Heathdale flower 29th May 2026

How Our Primary Captains Are Taking Action

From leading assemblies to running a Reconciliation fundraiser, our Primary Captains at Werribee are growing as confident, capable leaders through opportunities to serve their school community.

Heathdale flower

A reflection by our Werribee Campus Primary Captains: Melissa, Sophie, Joshua and Rajveer.

“As the Primary Captains, we've had so many opportunities at Heathdale this year to learn and grow as leaders!

One of our main responsibilities is running our Years 3-6 Assemblies. Before an assembly, we plan what will happen and make the run sheet. We then prepare our scripts. We do a run through on the day to make sure we are prepared and everything is seamless. Afterwards we reflect on what went well and where we can improve.
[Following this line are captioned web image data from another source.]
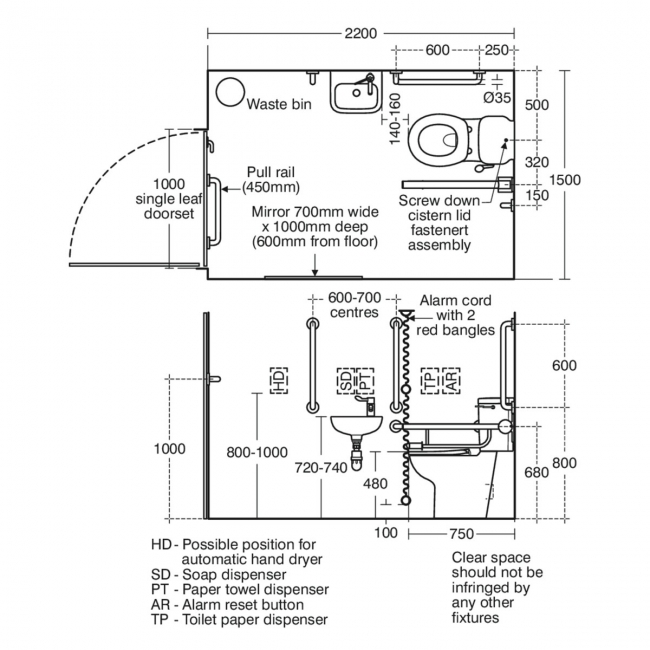 Armitage Shanks Contour 21+ Doc M Pack with Close Coupled Toilet and Stainless Steel Rails - Left Handed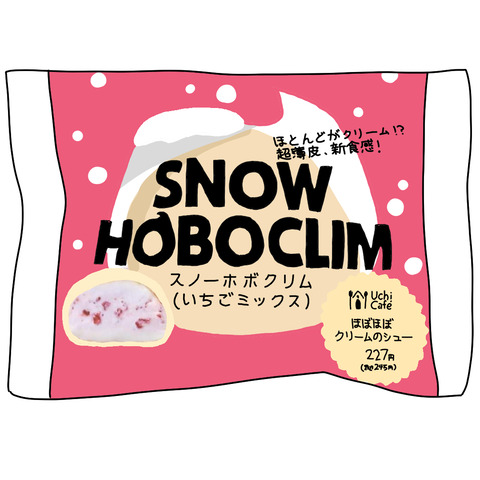 hoboclim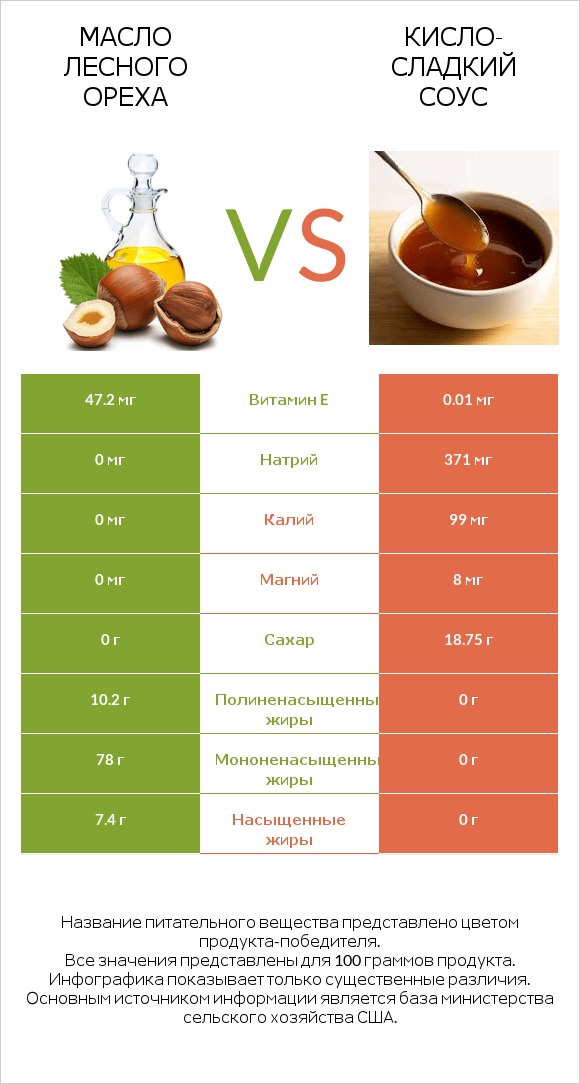 Масло лесного ореха vs Кисло-сладкий соус infographic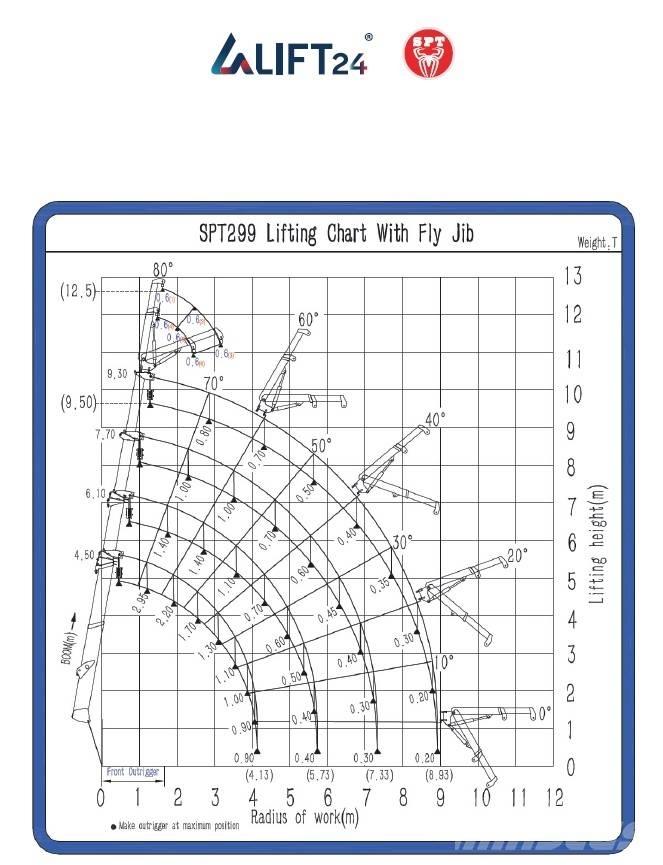 SPT 299 Mini cranes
We also help at special community events including New Family and Mother's Day Breakfasts, do school tours, go off campus to develop our leadership skills and do meetings with the House Captains. Sometimes we even meet up with the College Captains and School Principals to build relationships with the other areas of leadership so we can work better together at all these events.
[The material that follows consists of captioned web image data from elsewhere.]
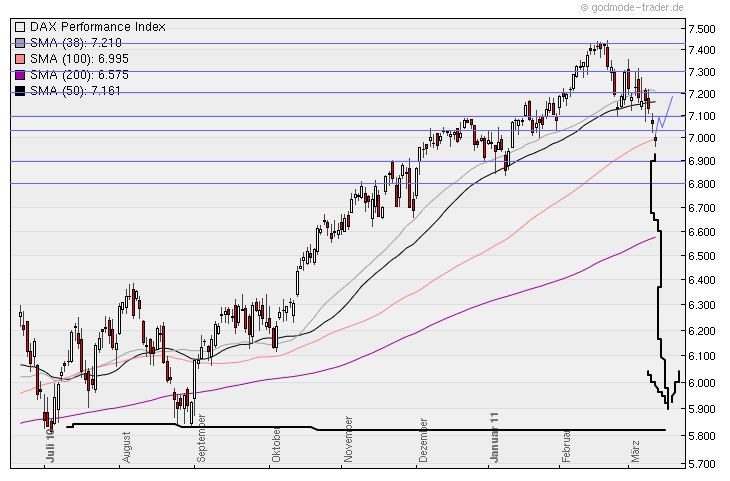 Aktien-Tagebuch 387854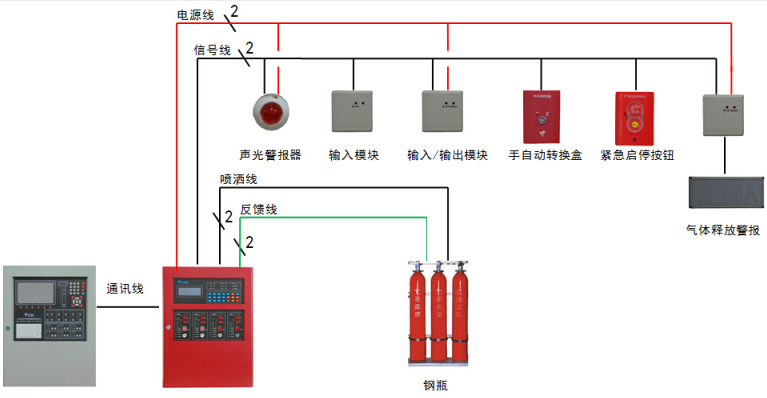 JBF5016河南气体灭火控制器控制系统图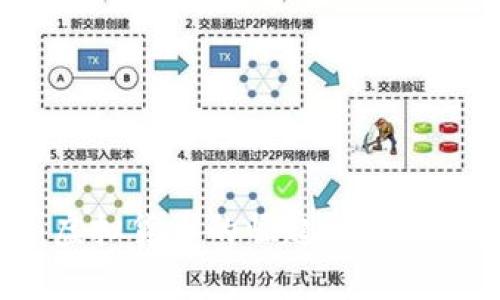 小鸟币：虚拟货币的崛起与投资前景分析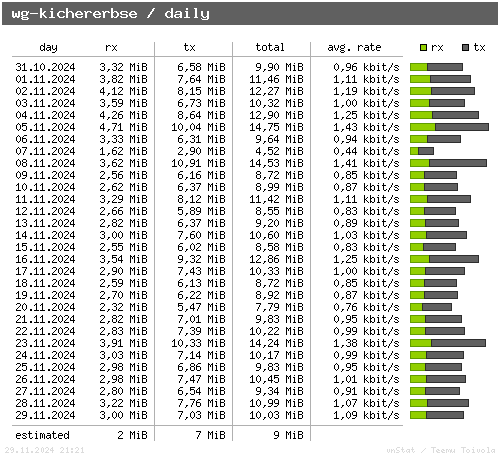 wg-kichererbse - daily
Our recent project has been the reconciliation fundraiser for First Nation students. We raised money for Opening the Doors foundation, an Aboriginal organisation that supports children in need of education.
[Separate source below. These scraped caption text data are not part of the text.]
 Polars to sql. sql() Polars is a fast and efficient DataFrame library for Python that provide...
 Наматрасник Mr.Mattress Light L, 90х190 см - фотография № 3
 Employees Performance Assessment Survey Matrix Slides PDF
As Primary captains, we have discussed in meetings about the best ways to earn money for the foundation. We met with Mrs Harvey (Principal of Primary - Werribee Campus) and Mr Pullar (Cross-Curriculum Co-ordinator for First Nations). In our meetings we discussed how we would run the fundraiser, such as what we were selling, which day would we be selling it and where in the school we would set up our stall. We then organised all the information and made videos and posters to spread the word around the school community. We held our stall on Tuesday lunch time for primary students to buy their aboriginal wrist bands.

We loved this process because it expressed all our passion and strengths of organising a school event by ourselves. After the stall, we all felt proud of what we achieved in such a short time. It also showed us the process of how to do something big in a community, with all the steps needing to be completed.

We have so much more planned to do for the rest of the year. We can't wait to get into it!”